* _PROBLEM_
From the first line to the last, copy the data exactly and drop the pictures.

* _SUPPLIED MATERIAL_
========================================

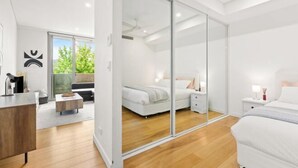 Un dormitorio moderno con una puerta corrediza de vidrio que da a un balcón, una cama grande, una mesita de noche y una zona de escritorio con una silla.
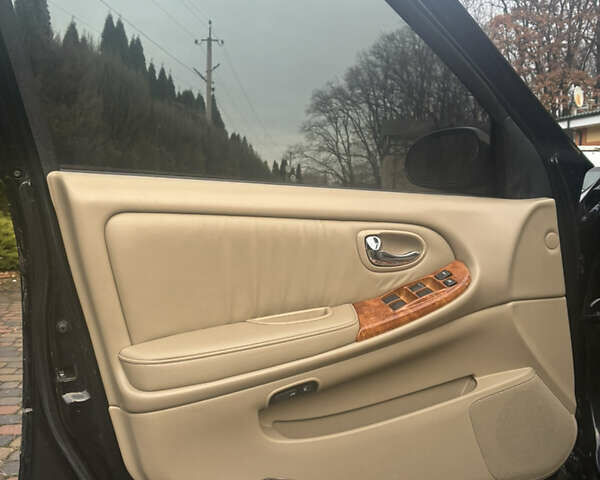 Черный Ниссан Максима, объемом двигателя 3 л и пробегом 323 тыс. км за 5799 $, фото 21 на Automoto.ua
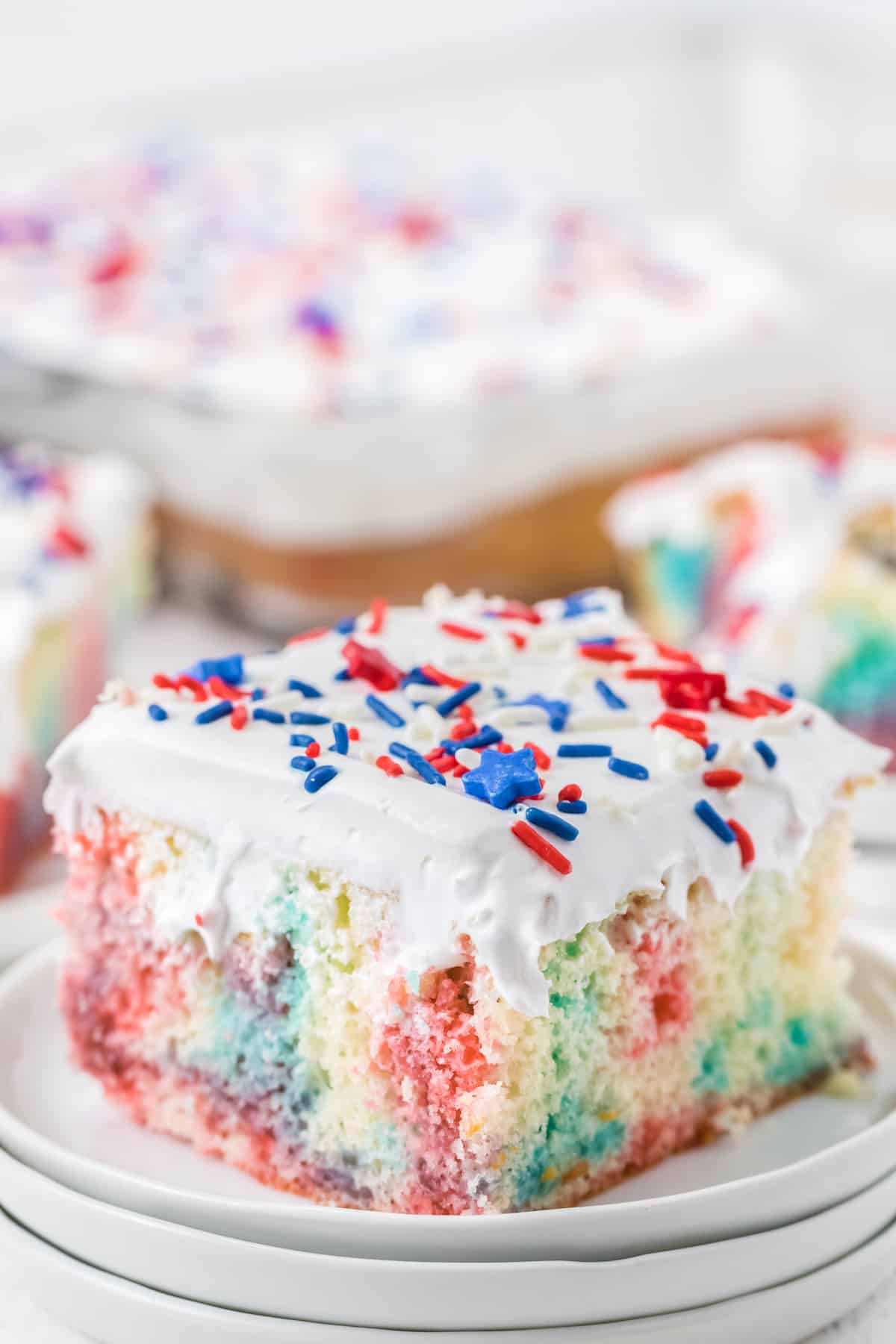 A close up of a piece of cake on a plate, with Sprinkles and red and blue streaks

========================================

* _EXERCISE ANSWER_
 Un dormitorio moderno con una puerta corrediza de vidrio que da a un balcón, una cama grande, una mesita de noche y una zona de escritorio con una silla.
 Черный Ниссан Максима, объемом двигателя 3 л и пробегом 323 тыс. км за 5799 $, фото 21 на Automoto.ua
 A close up of a piece of cake on a plate, with Sprinkles and red and blue streaks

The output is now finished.